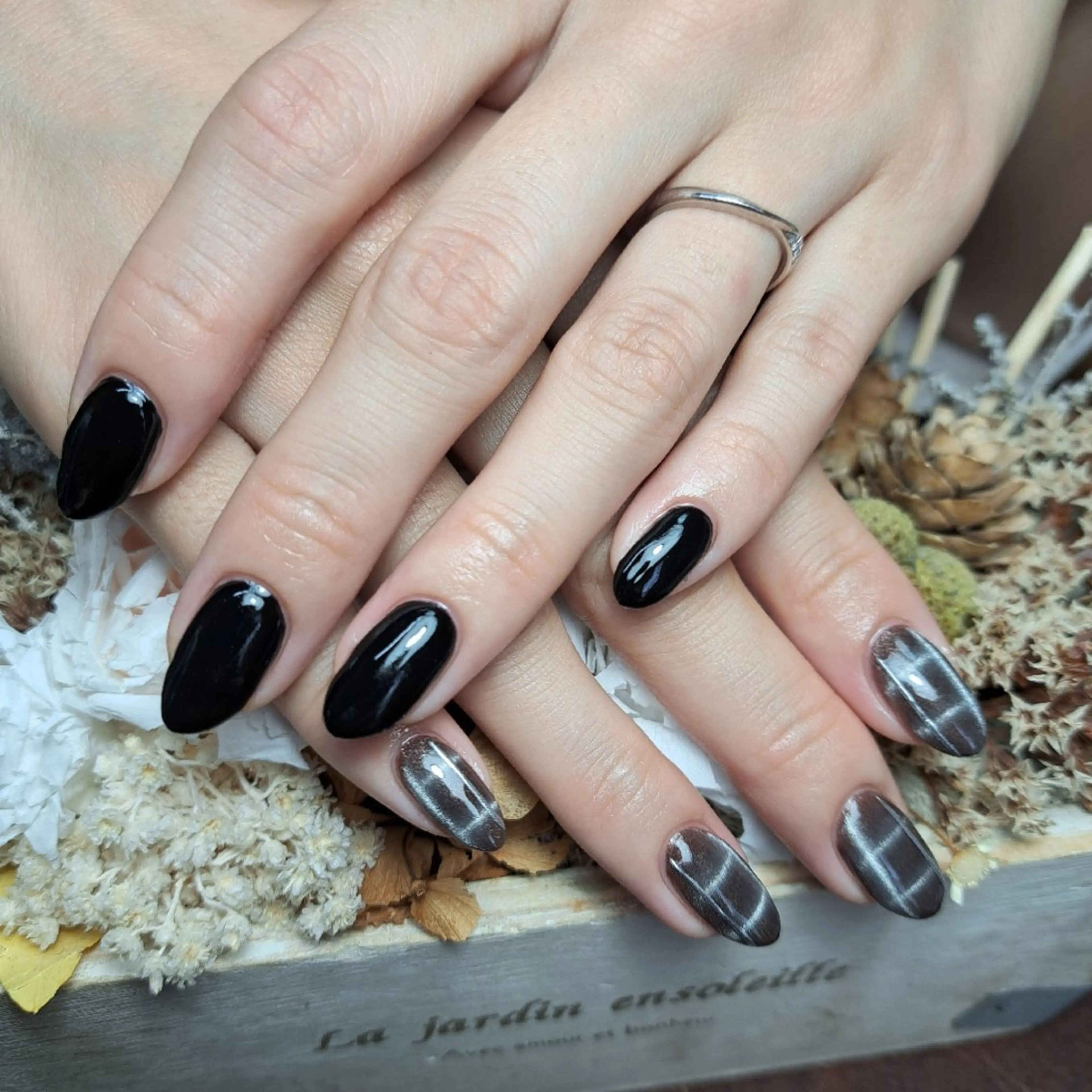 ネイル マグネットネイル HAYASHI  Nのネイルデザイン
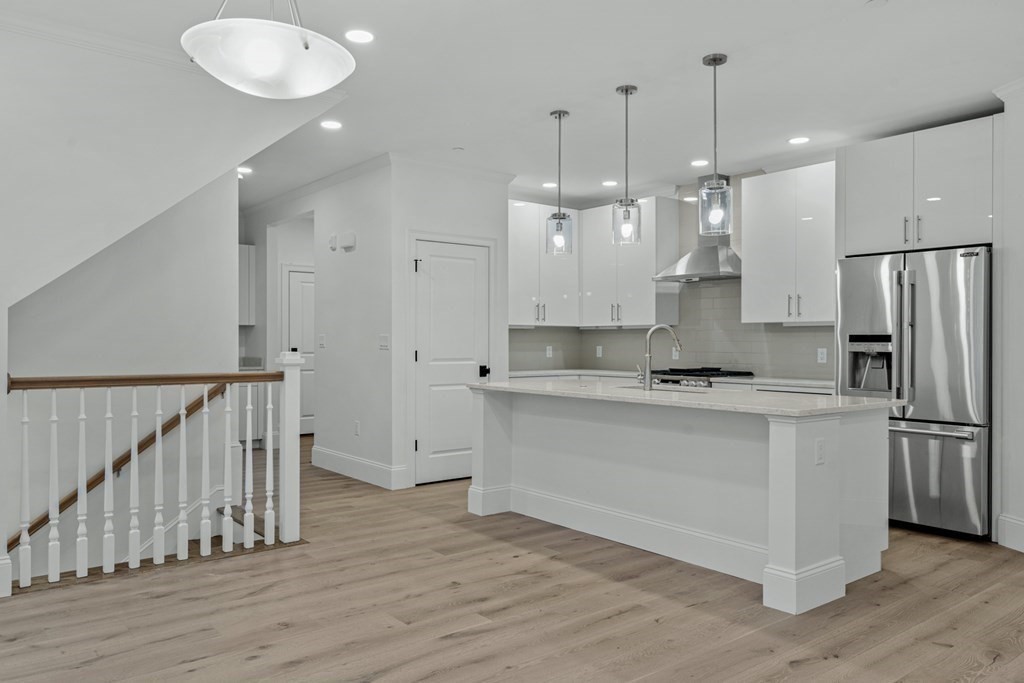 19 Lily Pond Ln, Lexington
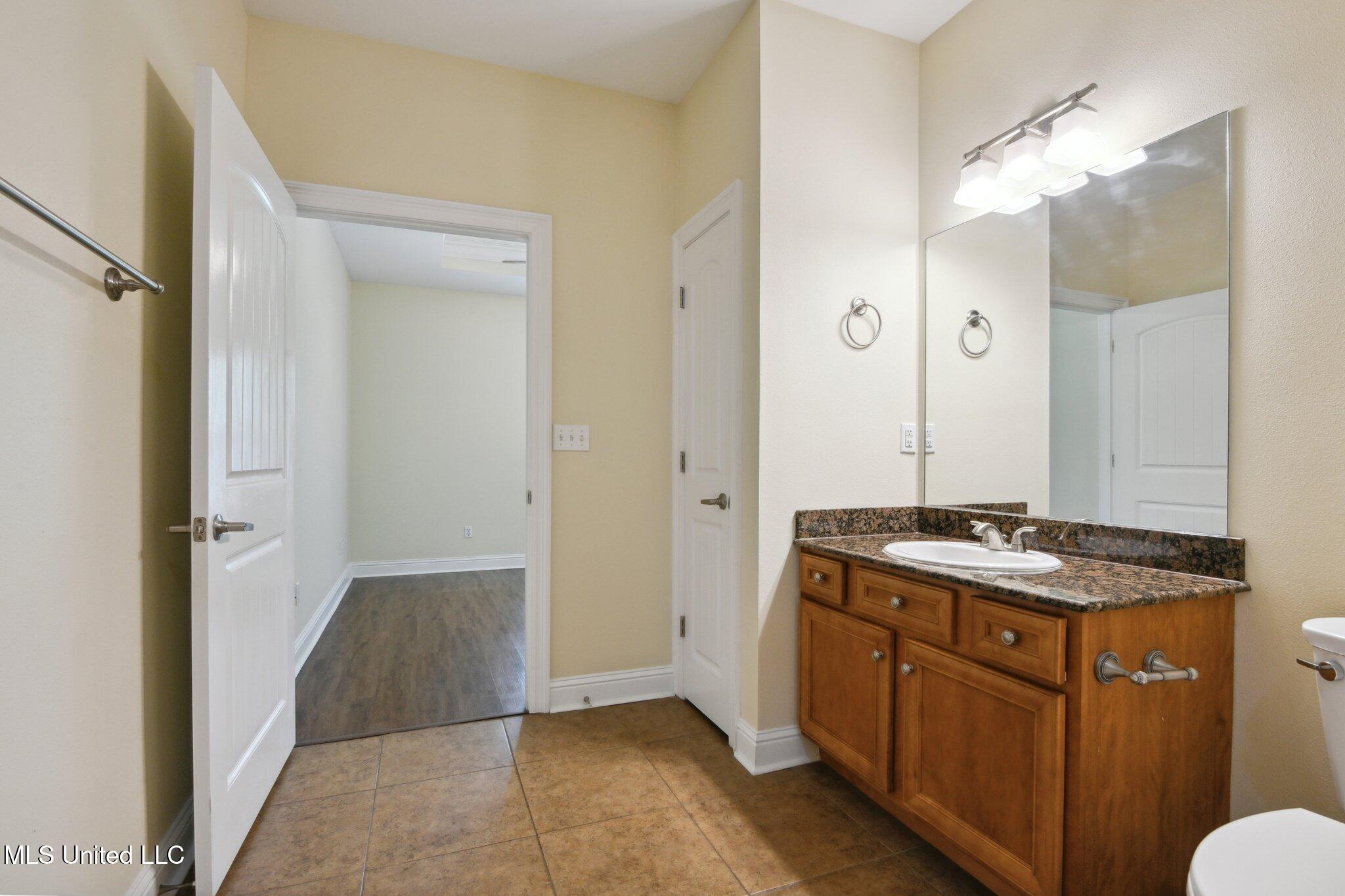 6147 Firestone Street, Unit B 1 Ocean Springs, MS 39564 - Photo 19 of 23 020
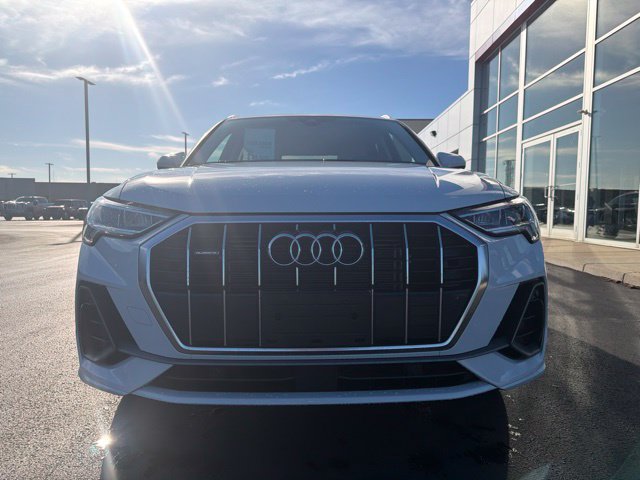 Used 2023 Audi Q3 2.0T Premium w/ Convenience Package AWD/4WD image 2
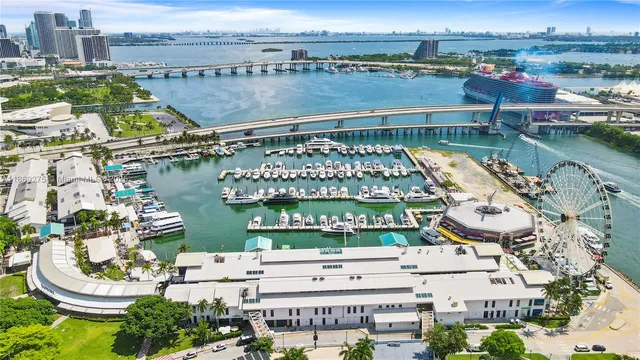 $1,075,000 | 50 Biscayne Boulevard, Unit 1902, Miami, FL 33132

# # #

What the task asks
Although the material contains pictures, only the lines are to be written out, exactly as they stand.

Answer
 ネイル マグネットネイル HAYASHI  Nのネイルデザイン
 19 Lily Pond Ln, Lexington
 6147 Firestone Street, Unit B 1 Ocean Springs, MS 39564 - Photo 19 of 23 020
 Used 2023 Audi Q3 2.0T Premium w/ Convenience Package AWD/4WD image 2
 $1,075,000 | 50 Biscayne Boulevard, Unit 1902, Miami, FL 33132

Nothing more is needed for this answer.